Bandes annonces : L’Homme qui rit (bande annonce montée pour la reprise vidéo 2019 mais qui n’est pas donc pas la BA originale de 1928), Les Fiancées en folie (Seven Chances) (USA 1925) de et avec Buster Keaton (idem : BA contemporaine récente, pas celle de 1925), La Féérie du jazz (King of Jazz) (USA 1930) de J. M. Anderson, (idem : BA contemporaine récente, pas celle de 1930, et qui comporte même un module de restauration car elle présente certains plans avant et après restauration numérique).
Bref, honorables bonus mais ils seront probablement nettement surclassés en précision et en documents d’histoire du cinéma de première main par les suppléments anglophones annoncés sur l’édition américaine Flicker Alley qui va sortir en juin 2019 et qui devrait comprendre un livret inédit de Kevin Bronlow, un documentaire sur la période Universal du cinéaste Paul Leni, un essai de Sonia Coronado sur la nouvelle partition ainsi qu’une galerie affiches, photos et publicités plus ample que celle ici proposée.
Format 1.20 original N&B compatible 16/9, numérisé en Full HD 1080p. Copie argentique assez bien restaurée mais quelques imperfections subsistent : déchirures occasionnelles, émulsion instable sur certains plans. Numérisation de bonne qualité, effectuée à partir de la copie 35mm tirée en 1954 par Universal d’après le négatif nitrate.
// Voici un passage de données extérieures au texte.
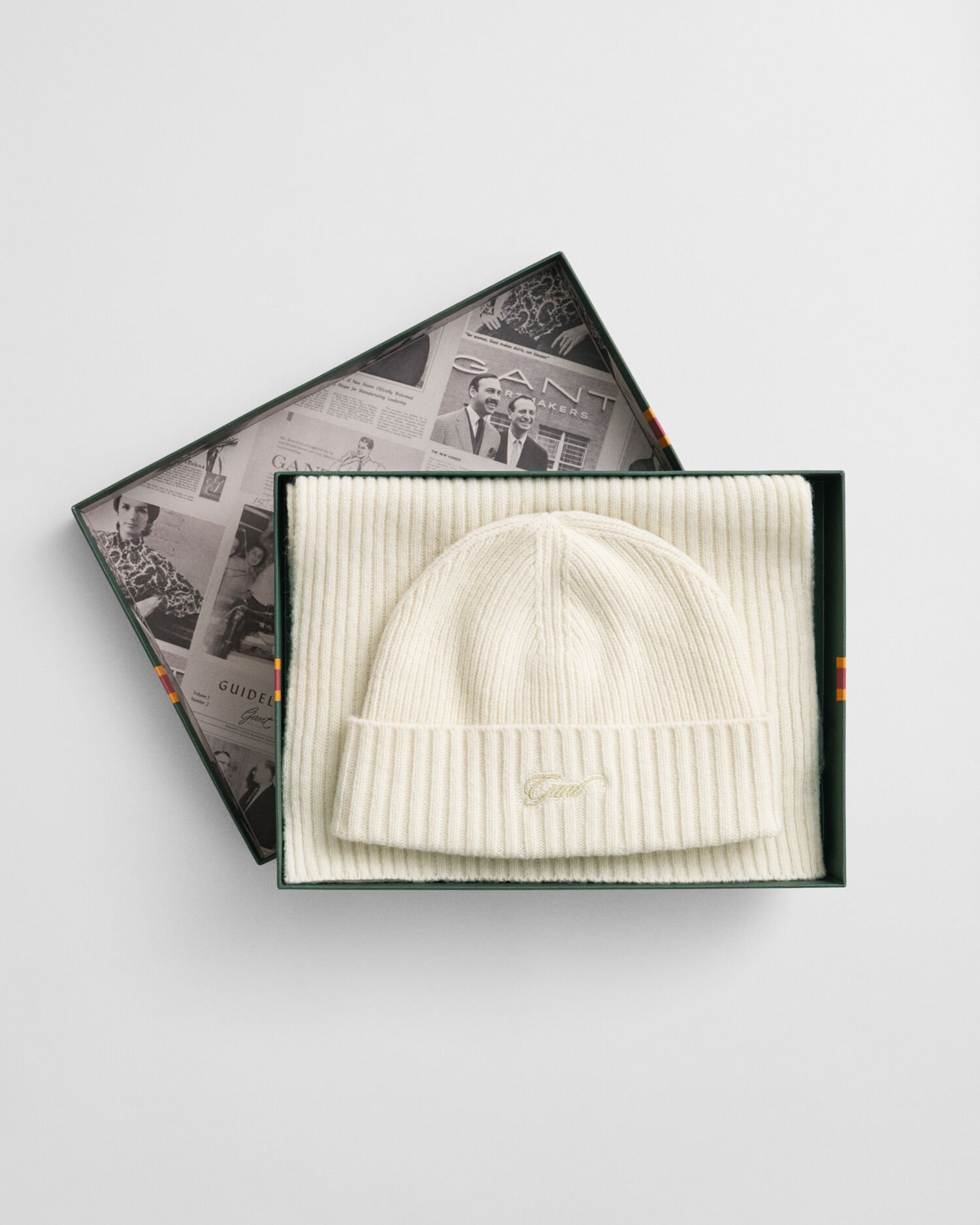 Cadeauset met beanie en sjaal met logo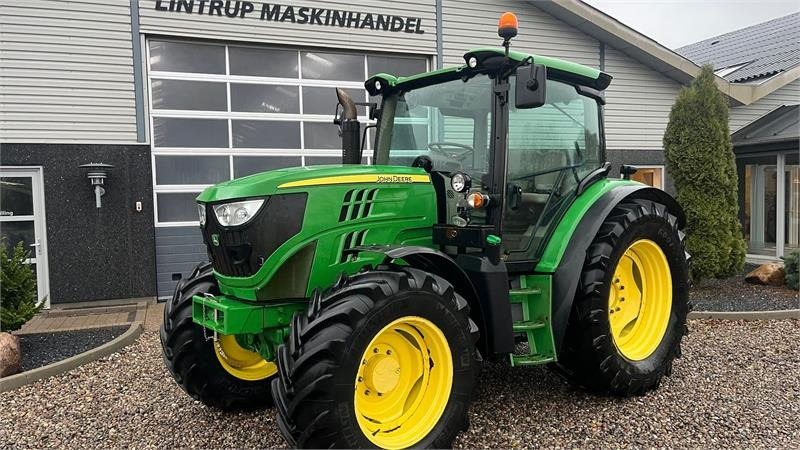John Deere 6125R AutoQuad - Traktors: foto 2 John Deere 6125R AutoQuad - Traktors: foto 2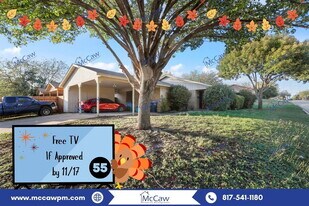 5002 Geddes Ave in Fort Worth, TX - Building Photo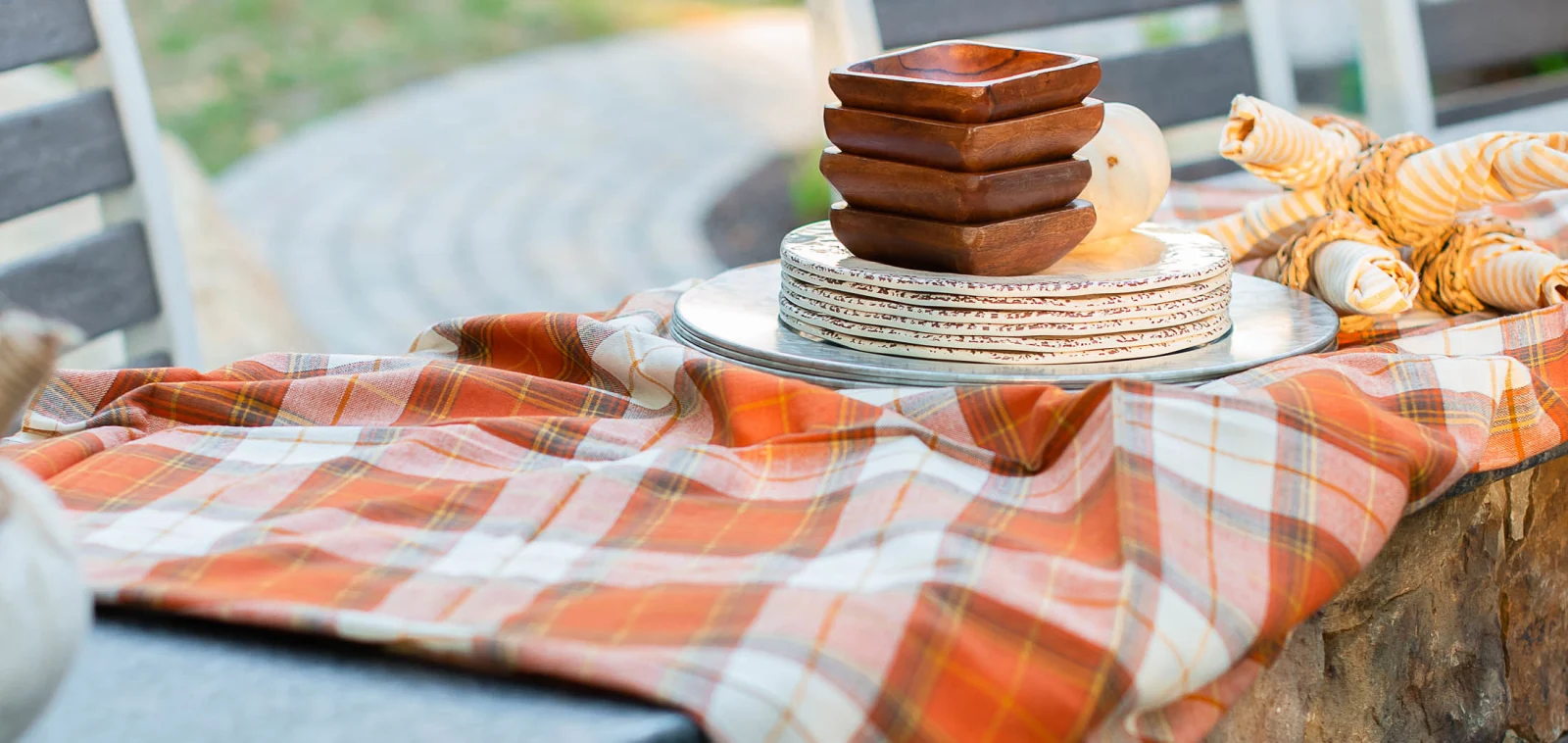 Pool with hot tub and bluestone patio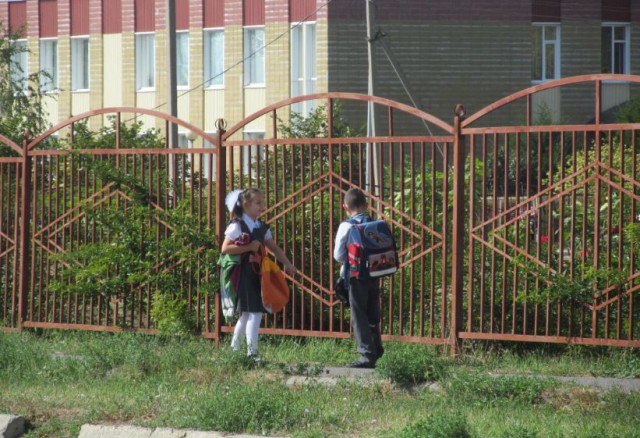 Детишки идут из школы
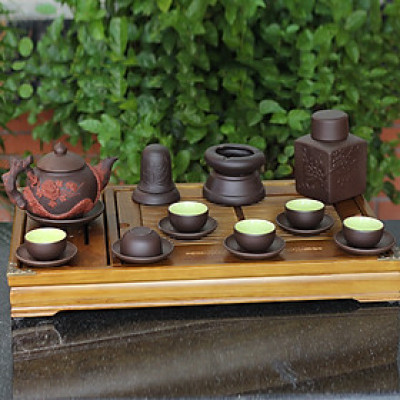 Bộ ấm chén tử sa đen đắp nổi hoa Phù Dung đỏ và phụ kiện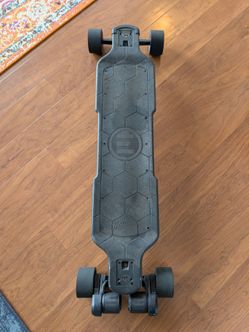 Evolve Carbon GTR Electric Skateboard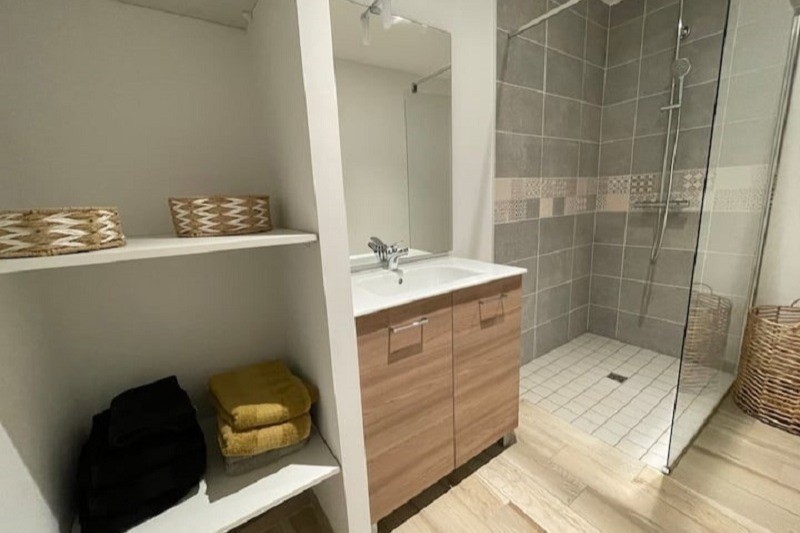 Salle d'eau au rez-de-chaussée, attenante à la chambre 1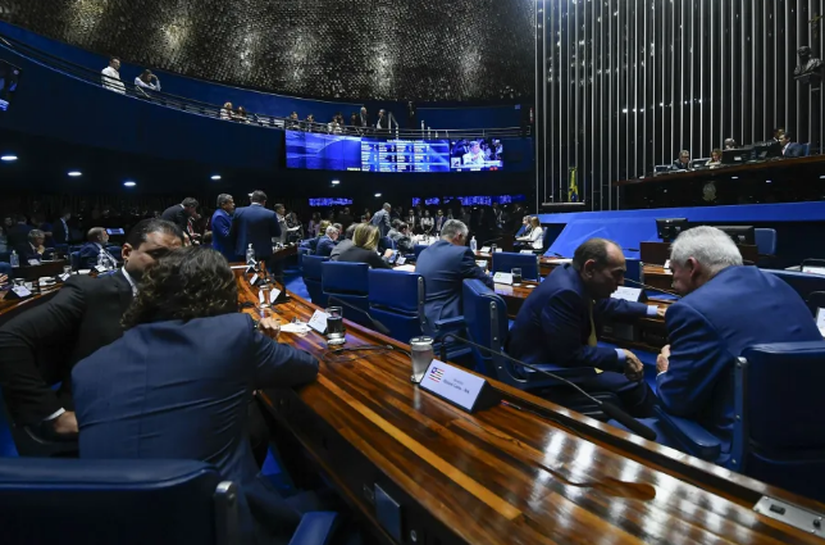 Senado acumula 55 pedidos de impeachment contra ministros do STF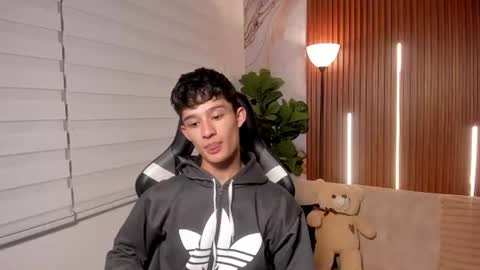 Snapshot of patrick_howland_ chatting on 06-19-26, 03:33 Patrick online show from 06-19-26, 03:33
La majorité des poussières, saletés et brûlures ont été nettoyées. Très bonne définition, à partir d’un master 4K exploité ici en Full HD.
Aucune piste son puisqu’il s’agit d’un film muet. Intertitres américains aux STF corrects et bien lisibles. Deux musiques d’accompagnement sont disponibles en DTS Master Audio : la musique originale Movietone d’exploitation de 1928 à écouter en priorité car c’est un document sonore de première main et une musique plus récente composée par la Berklee School of Music. La musique Movietone de 1928 n’est pas seulement une musique mais, sur certaines séquences, une musiques additionnée d’effets sonores assimilables à du bruitage. Elle est donc très vivante. La partition récente n’a, selon moi, strictement aucun intérêt mais elle fournit une illustration musicale aux normes techniques actuelles.